Benches at War

When you want a place to sit, but not for a very long time, you don’t sit in a chair—you sit on a bench. If sitting in a chair is like parking, sitting on a bench is like idling, between trips, keeping the engine running and ready. Unlike other types of seating, what we call benches are often placed outside, or inside in narrow, confined spaces like hallways and foyers. They often lack a back rest or upholstered cushioning. And they are often used for not only seating, but as platforms for laying or setting things. It’s almost as if you don’t exactly sit on a bench—you set yourself. 

To celebrate the eclecticism of our upcoming auction, which we’re playfully calling “Style Wars,” we use the humble bench to ask the question: who wore it better?

Is it the Bauhaus style, traces of which can be seen in Lot 1155’s angular end forms which betray its primitive construction? Or is it the Brutalism of Lot 1176, whose weathered rectangular parts showcase the woodiness of wood? Maybe one prefers the zinc-wrapped Industrial style of Lot 1223, or the classic farmhouse style of Lot 1222. The bench in Lot 1307 wears a Victorian style with its ornate cast iron decorations, Lot 1370 a slight Mid-Century flair of curved wood. The style of Lot 1361’s wood bench with folding metal legs might be called “Biergarten.” A bench in a church is such a commonly recognized subtype that it’s called a pew, and often comes with built-in spots for hymn books or other accessories, as in Lot 1417. But maybe the most classic bench is a locker room bench of Lot 1362, with central supports that would have been attached to a concrete floor.

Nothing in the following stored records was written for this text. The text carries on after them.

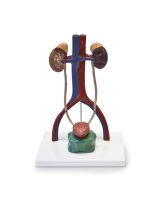 Urinary System Model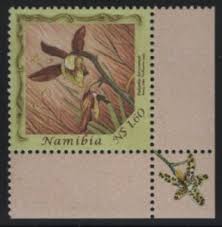 Image result for Eulophia hereroensis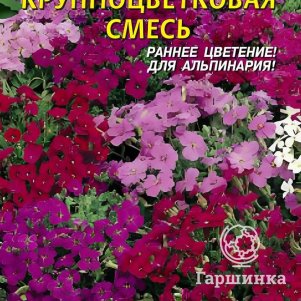 

Обриета Крупноцветковая смесь 0,1 г, Плазменные семена
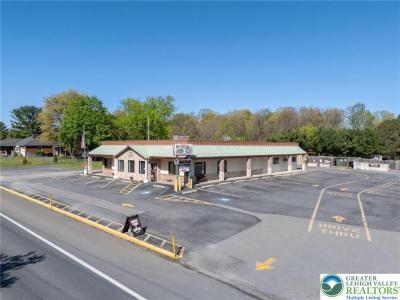 232 W Moorestown Road, Bushkill Twp, 賓夕法尼亞州 18091, 美國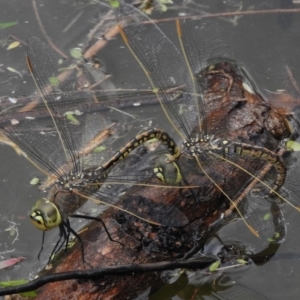 Anax papuensis at Paddys River, ACT - 22 Mar 2017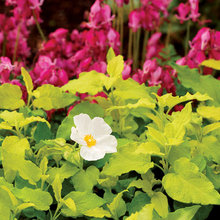 Keep Planting!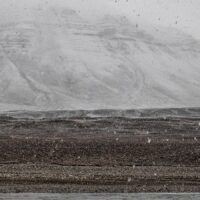 Vandrende isbjørn, fotokunst veggbilde / plakat av Terje Kolaas
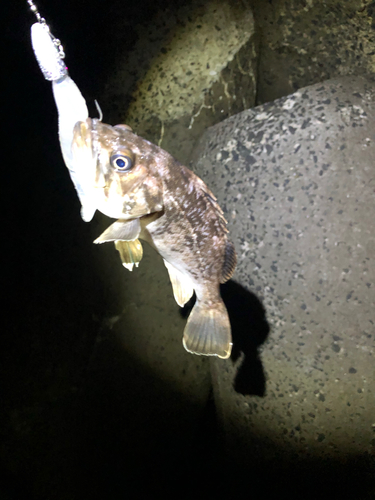 ソイの釣果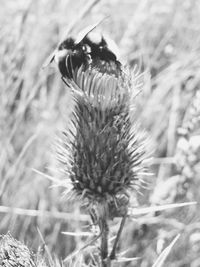 Close-up of honey bee on flower field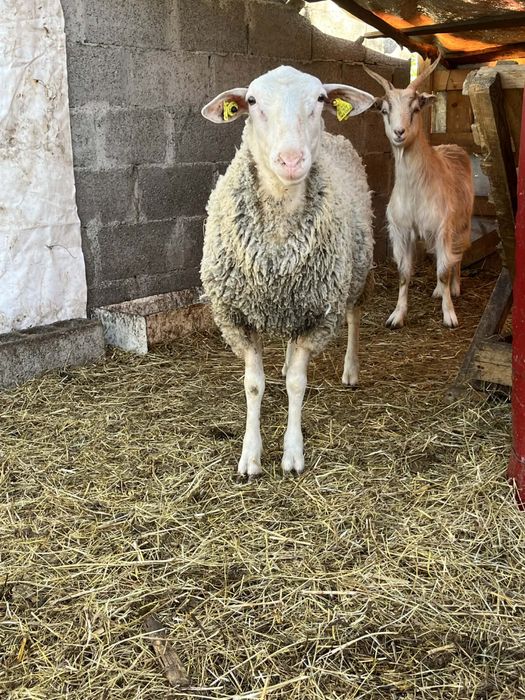 Vand berbecut texel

What unites these different styles, so contrasting they almost seem at war with each other, is their creative variations on the basic concept of a bench, which isn’t quite a seat, nor a platform, but something in between. However, the idea of style being something violent is neatly embodied in another style of bench, the infamous Camden bench, designed to prevent unwanted behaviors like skateboarding and sleeping which its designers called “criminal and antisocial behavior.” Critics cite it as an example of “violent design” or “hostile architecture,” alluding to its effects on the homeless and other criminalized elements of a community. One critic even called the Camden bench an anti-object, "defined far more by what it is not than what it is.” Though one could argue that all benches have that quality of self-negation, making it still, in the end, very much a bench.